Stored dataset items:
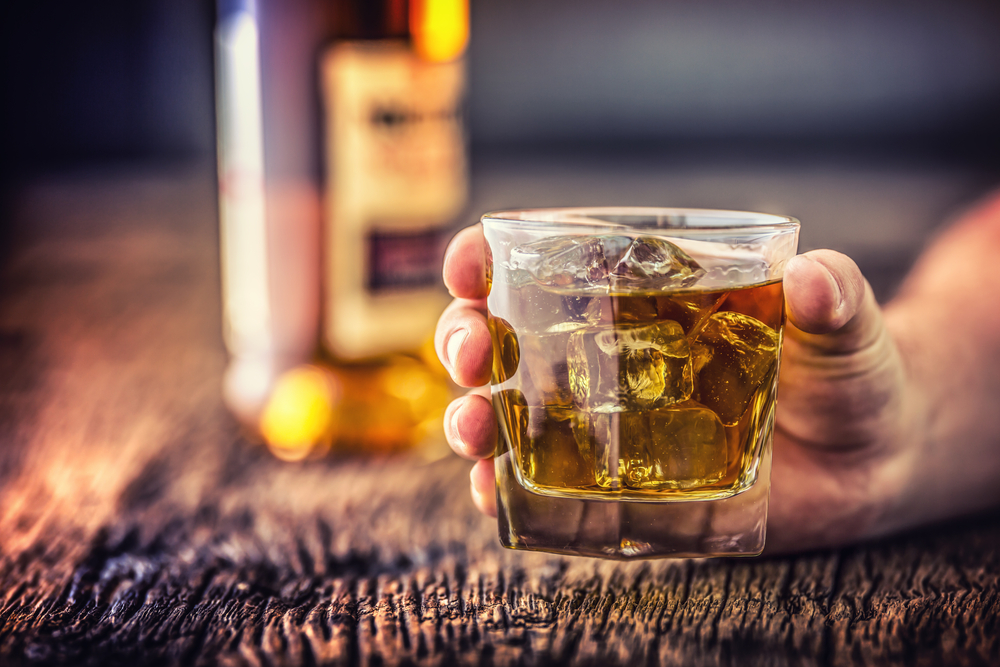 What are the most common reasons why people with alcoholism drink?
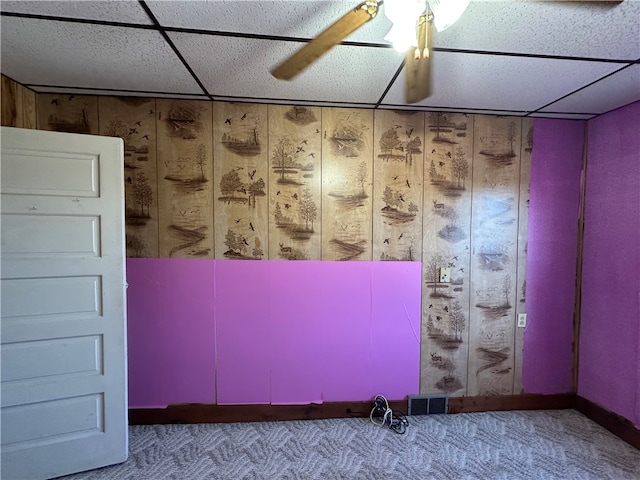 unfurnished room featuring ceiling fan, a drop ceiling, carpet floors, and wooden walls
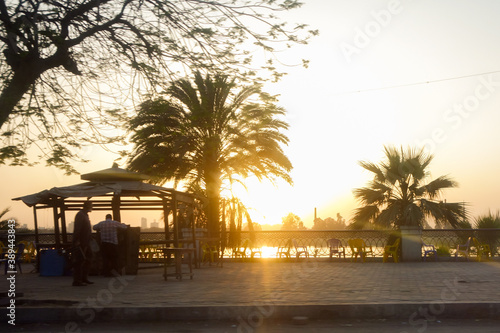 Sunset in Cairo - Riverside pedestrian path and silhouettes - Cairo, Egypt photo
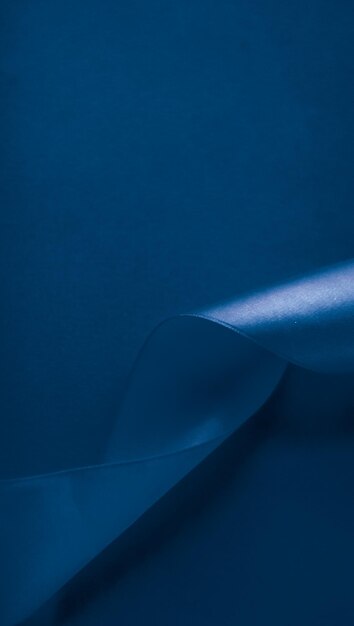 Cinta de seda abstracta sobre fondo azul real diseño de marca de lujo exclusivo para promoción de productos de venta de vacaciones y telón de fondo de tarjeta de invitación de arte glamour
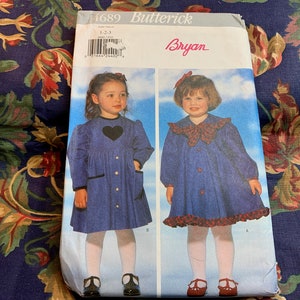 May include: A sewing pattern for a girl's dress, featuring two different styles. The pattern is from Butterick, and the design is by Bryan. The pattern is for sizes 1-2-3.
---
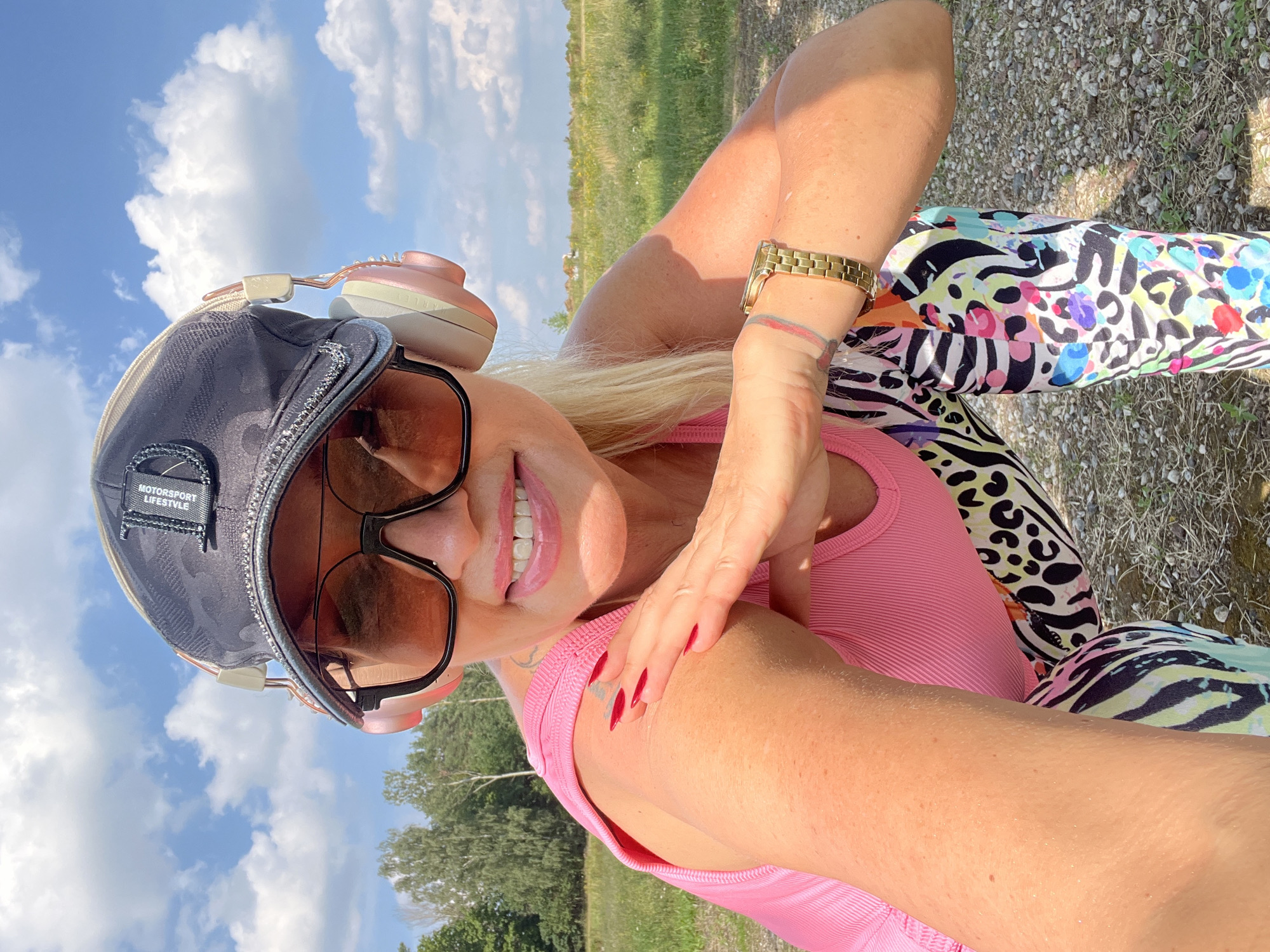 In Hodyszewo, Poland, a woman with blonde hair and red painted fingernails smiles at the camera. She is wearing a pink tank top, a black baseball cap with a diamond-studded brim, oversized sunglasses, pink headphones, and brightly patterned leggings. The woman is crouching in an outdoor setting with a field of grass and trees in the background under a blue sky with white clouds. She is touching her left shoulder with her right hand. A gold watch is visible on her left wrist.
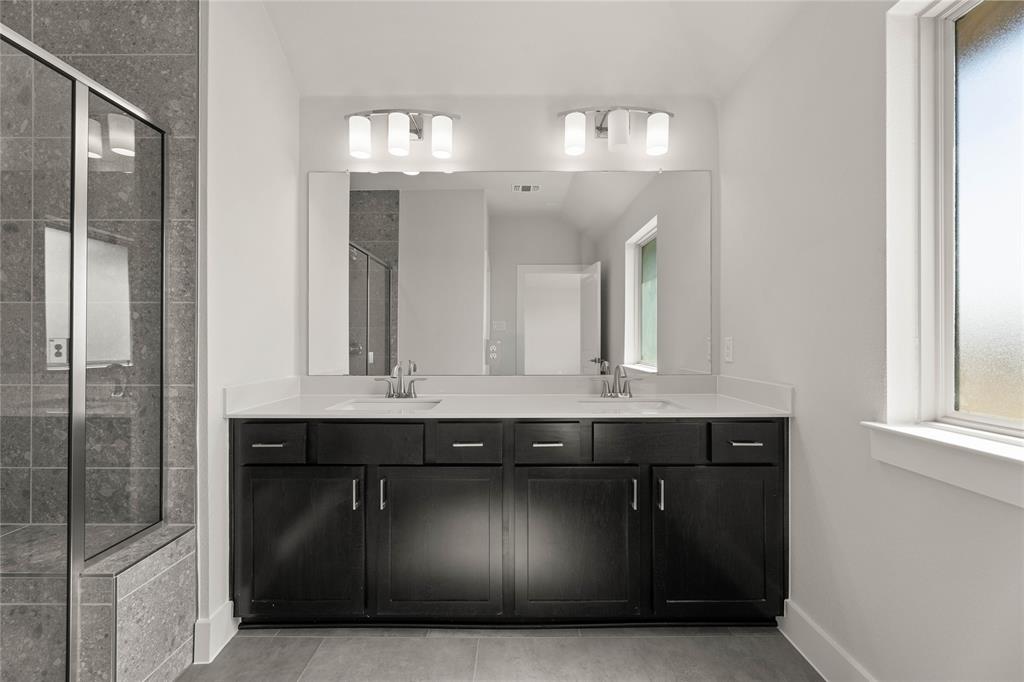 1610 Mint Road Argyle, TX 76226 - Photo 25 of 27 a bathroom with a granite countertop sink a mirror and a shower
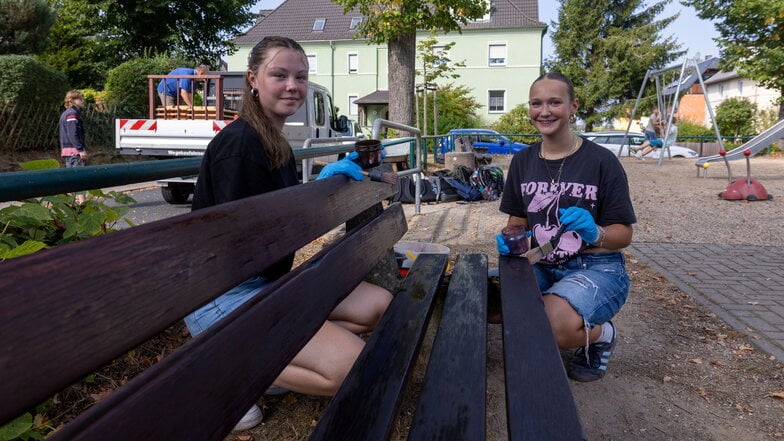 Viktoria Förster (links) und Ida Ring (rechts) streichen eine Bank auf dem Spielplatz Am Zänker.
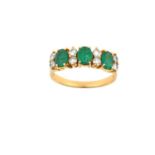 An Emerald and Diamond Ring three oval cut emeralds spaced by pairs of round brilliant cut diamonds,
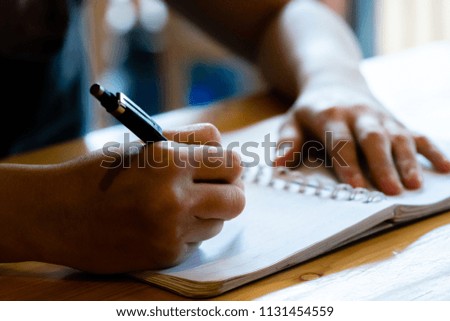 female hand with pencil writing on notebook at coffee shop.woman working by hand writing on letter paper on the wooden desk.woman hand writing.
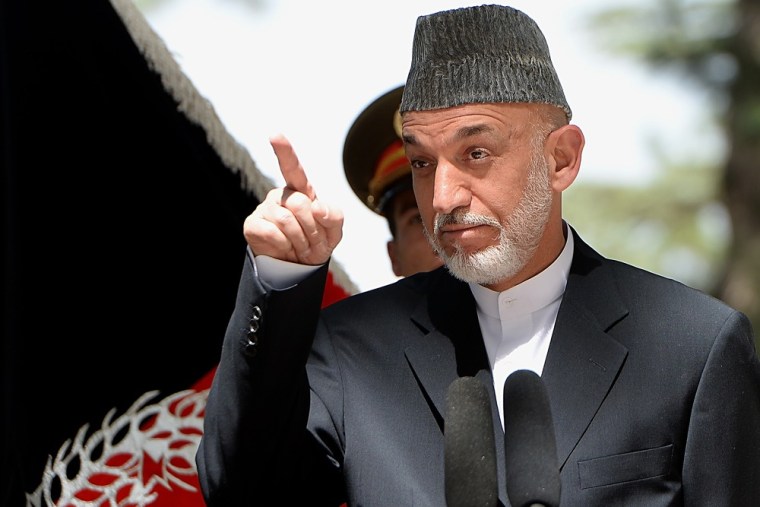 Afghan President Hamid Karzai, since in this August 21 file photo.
--
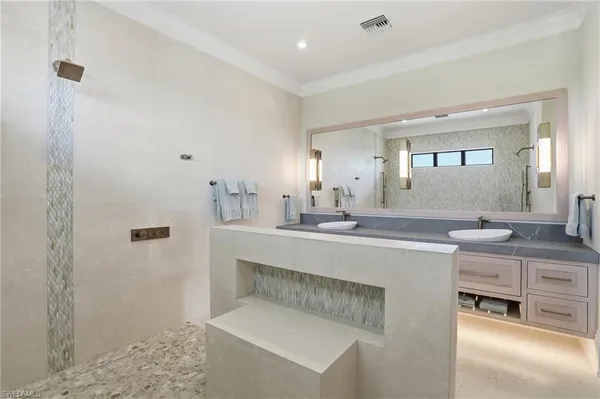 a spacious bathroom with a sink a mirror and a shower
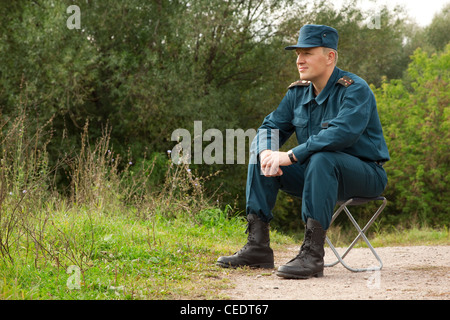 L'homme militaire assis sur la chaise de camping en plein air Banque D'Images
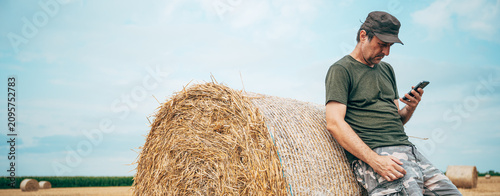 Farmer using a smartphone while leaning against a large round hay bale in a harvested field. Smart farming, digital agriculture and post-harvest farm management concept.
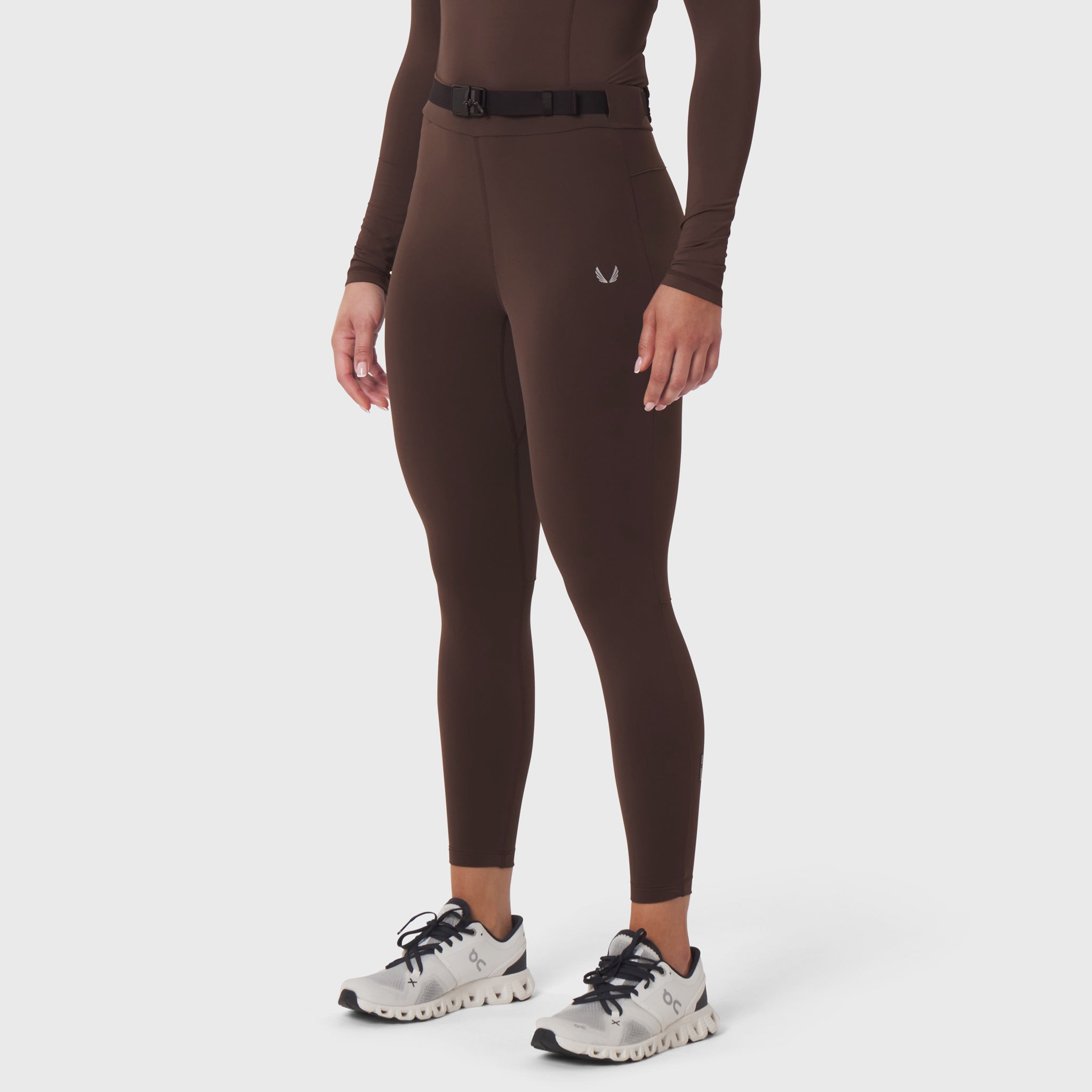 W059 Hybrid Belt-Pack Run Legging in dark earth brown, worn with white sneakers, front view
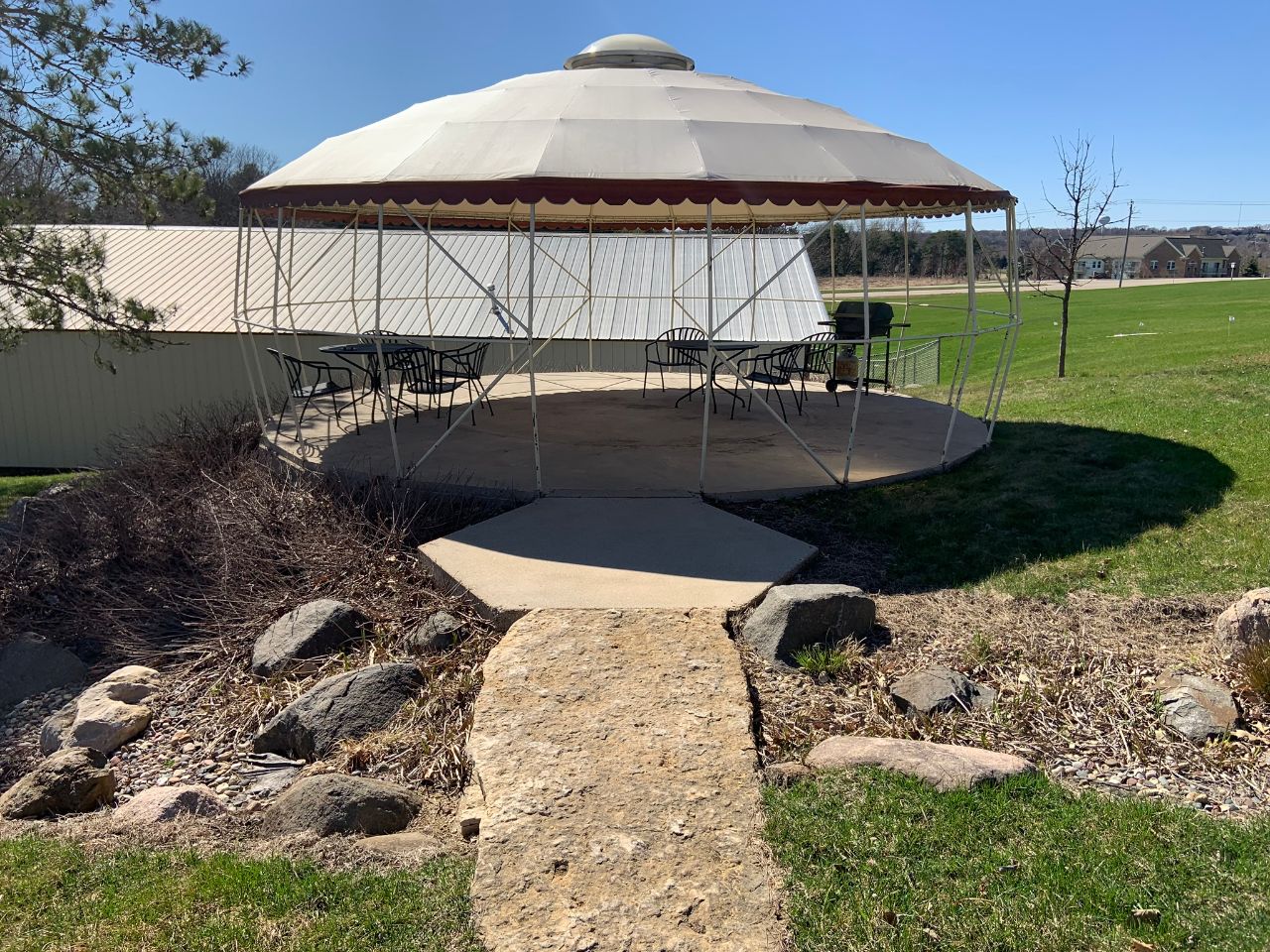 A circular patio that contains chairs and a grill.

# What is required
Word for word, restate the lines above from the one with "Cinta de seda" through the one with "May include: A", keeping both ends and dropping the pictures.

# Answer to the problem
 Cinta de seda abstracta sobre fondo azul real diseño de marca de lujo exclusivo para promoción de productos de venta de vacaciones y telón de fondo de tarjeta de invitación de arte glamour
 May include: A sewing pattern for a girl's dress, featuring two different styles. The pattern is from Butterick, and the design is by Bryan. The pattern is for sizes 1-2-3.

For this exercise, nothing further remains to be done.